Another "hot issue" in attorney fee agreements is the enforceability of an arbitration clause against a client. A textbook example of how Colorado courts will approach these disagreements was recently offered in Flemmer v. Holme, Roberts & Owen, L.L.C., et. al., No. 96 CV 1101, slip op., (Colo. Dist. Ct., 20th Judicial District, Dec. 23, 1996). In that case, client and attorneys became embroiled in a fee dispute, the byproduct of a costly divorce proceeding. Unable to agree upon alternative dispute resolution, client sued attorneys for alleged malpractice. Attorneys served a demand for arbitration under their fee agreement, which provided:
If these is any dispute between [attorneys] and [client] about [attorneys'] legal fees and costs, such dispute shall be resolved by arbitration in Denver, Colorado, . . . , and arbitration shall be the exclusive remedy for any such dispute.
Attorneys moved to dismiss the malpractice litigation based on the arbitration clause, claiming it was a subterfuge to force acceptance of a lesser fee. Client cross-moved to void the fee agreement, based upon an alleged conflict of interest.
Finding that it had jurisdiction to determine the effectiveness and scope of the fee agreement and arbitration clause, the court observed:
Attorneys have an obligation to be fair and frank in specifying the terms of the attorney-client relationship. . . . When regulating the conduct of attorneys and interpreting fee agreement contracts, courts have been consistent in construing any ambiguity against the attorney who drew the agreement and liberally in favor of the client. Elliot v. Joyce, 889 P.2d 43 (Colo. 1994). The ABA Model Rules of Professional Conduct cautions [sic] lawyers against writing misleading arbitration clauses into fee agreements aimed at binding a client to arbitration for any claim arising from the attorney-client relationship -- not merely fee disputes -- unless the client knowingly consents to the broad scope in writing. ABA Model Rules of Professional Conduct, Comment to Rule 1.5. (Some citations omitted.)
Slip op. at 6. Accordingly, finding that the arbitration clause should be construed as being limited to fee disputes, and finding that the issues between the malpractice claim and the fee dispute were intertwined, the court denied attorneys' motion to dismiss the malpractice claim, and granted client's motion to stay the fee arbitration. Id. at 7. Compare McGuire, Cornwell & Blakey v. Grider, 765 F. Supp. 1048 (D. Colo. 1991) (reaching opposite result, where scope of arbitration clause was more expansive, and client was found to be a sophisticated businessman).
It has been observed that the negotiation and drafting of retainer agreement creates an immediate conflict of interest between attorney and potential client, but that, in their wisdom, courts have not required a client to be separately represented to render the retainer agreement enforceable, which would lead to an absurd and endless succession of reviewing counsel.
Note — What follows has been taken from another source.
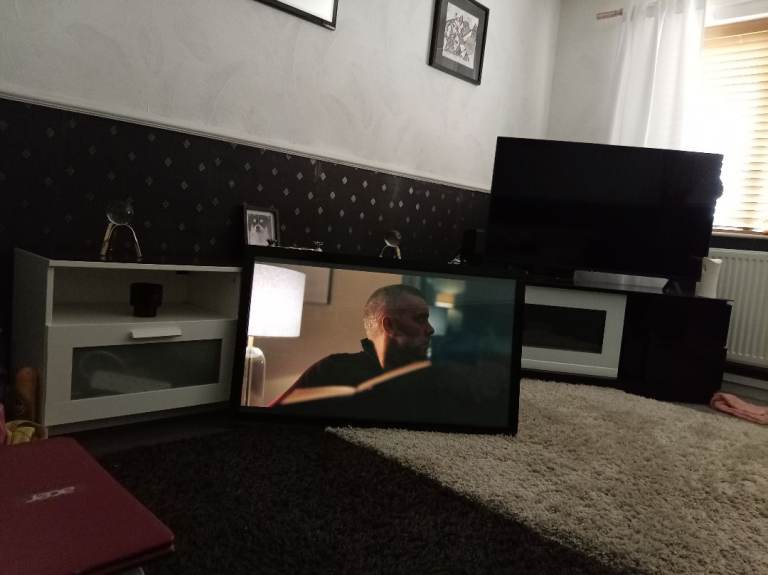 T V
Nor, as a mater of ethics, should separate representation of the client be required to make valid a clearly drafted arbitration agreement, even one submitting all claims to arbitration. It is, however, probably wise for attorneys to routinely advise their clients, in writing, of the opportunity for and value of independent review of retainer agreements by disinterested counsel, prior to executing them. Cf. Colo. Bar Ass'n Ethics Committee Opinion 85, Release and Settlement of Legal Malpractice Claims (May 19, 1990) (attorney should advise client, preferably in writing, to secure independent counsel to review settlement or release of potential malpractice claims).